What you will do:
Exact copy, pictures omitted: the line holding "Mind Map: IDEOLOGI" and every line after it down to the end of the entries.

Record excerpts:
+ + + +

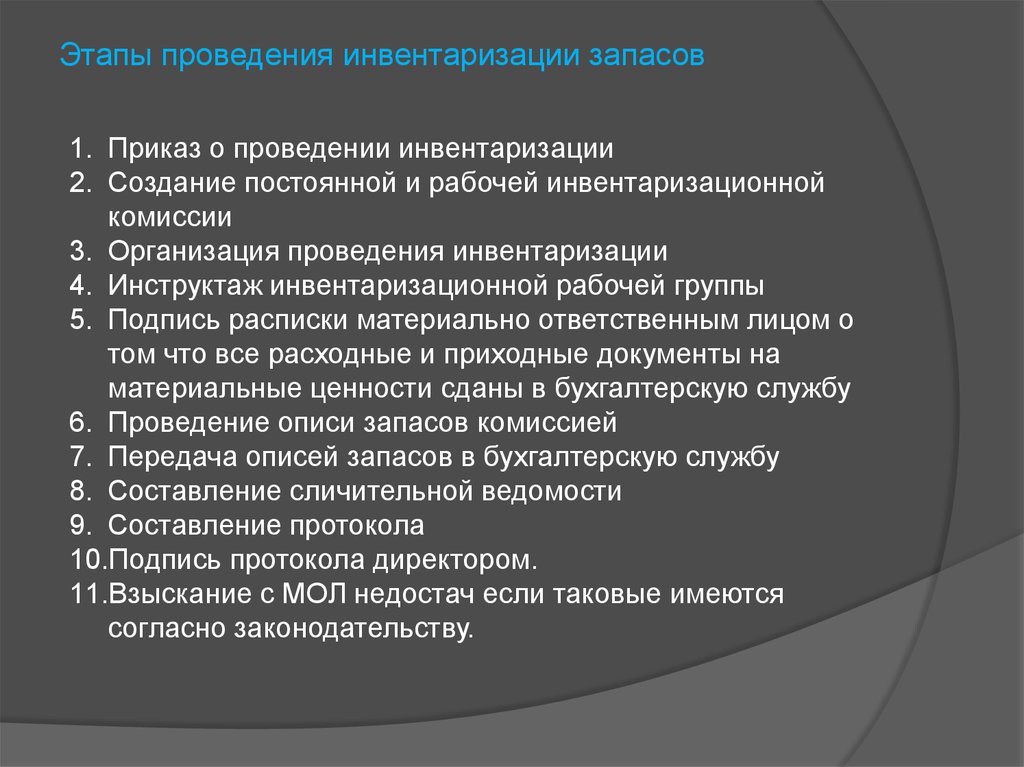Инвентаризация в аптеке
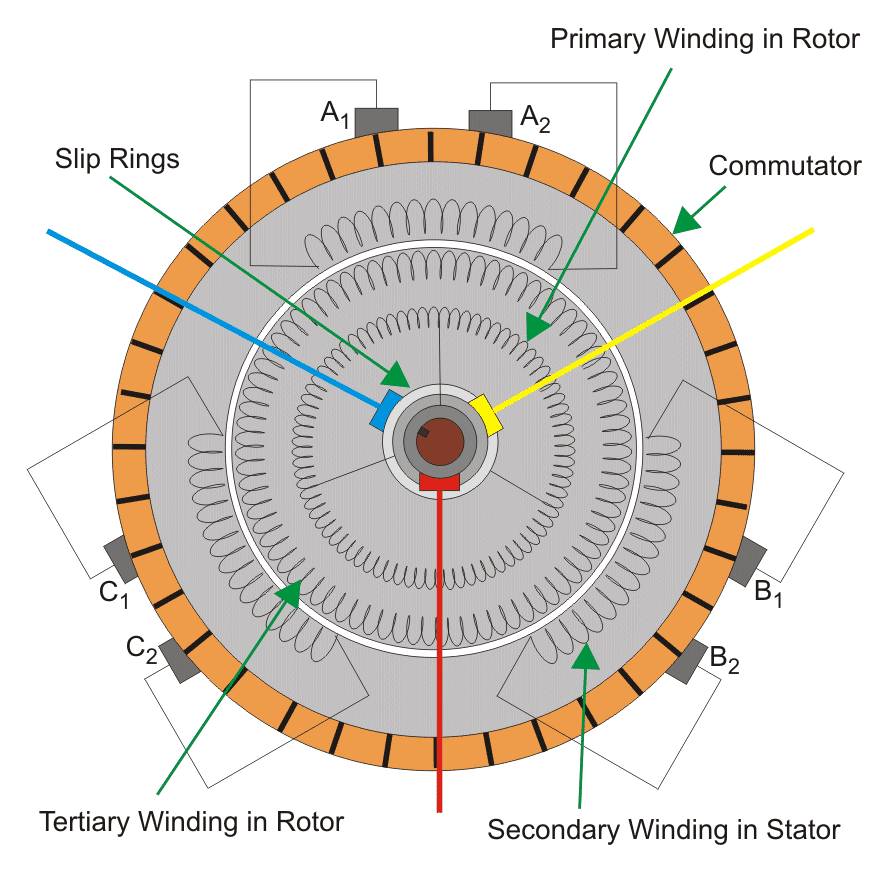 Principio de funcionamiento de Schrage Motor y características de Schrage Motor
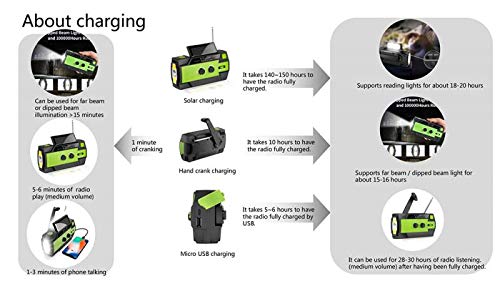Wind Up Radio, 4000mAh draagbare Solar Hand Crank Weer Radio met AM/FM, Bewegingssensor Leeslamp, Power Bank Mobiele Telefoon Oplader, SOS Alarm en Waterdichte Handheld Zaklamp - Image 4
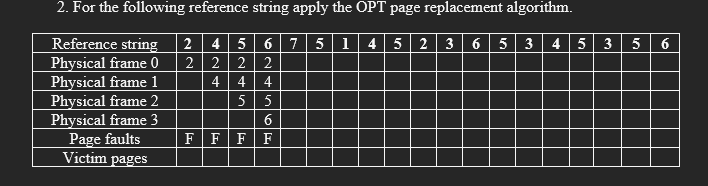 Solved For the following reference string apply the OPT page | Chegg.com
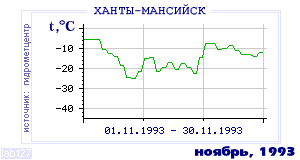 History of mean-day temperature's behavior in Hanty-Mansiisk for the current
month in one of the years in 1892-1995 period.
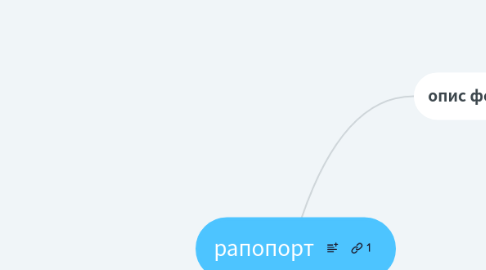 Mind Map: рапопорт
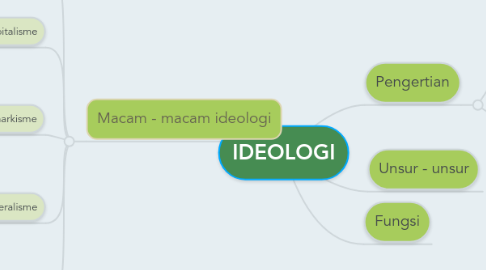 Mind Map: IDEOLOGI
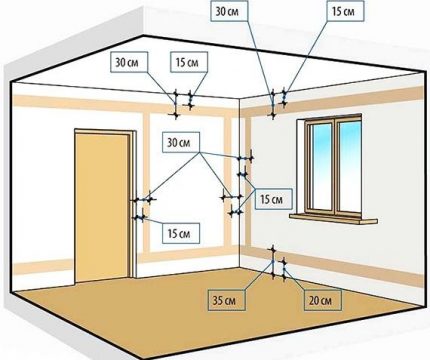 Hausverkabelungsregeln Installationsanforderungen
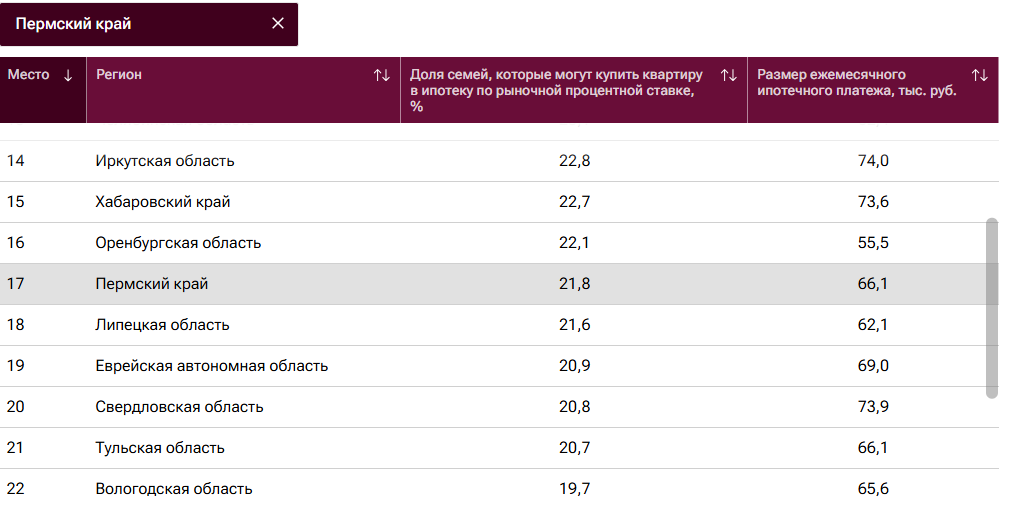 Пермский край занял 17 место в России по доступности ипотеки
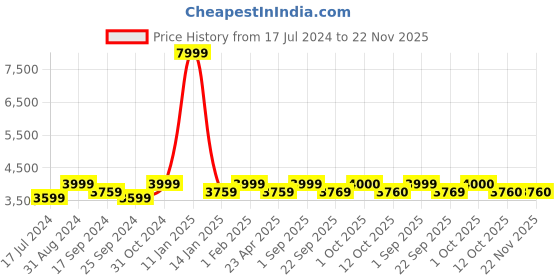 myntra.com Saral Home Charcoal Grey Solid Anti-Skid Carpet saral home Price History Graph from 17 Jul 2024 to 22 Nov 2025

+ + + +

Solution to this task:
 Mind Map: IDEOLOGI
 Hausverkabelungsregeln Installationsanforderungen
 Пермский край занял 17 место в России по доступности ипотеки
 myntra.com Saral Home Charcoal Grey Solid Anti-Skid Carpet saral home Price History Graph from 17 Jul 2024 to 22 Nov 2025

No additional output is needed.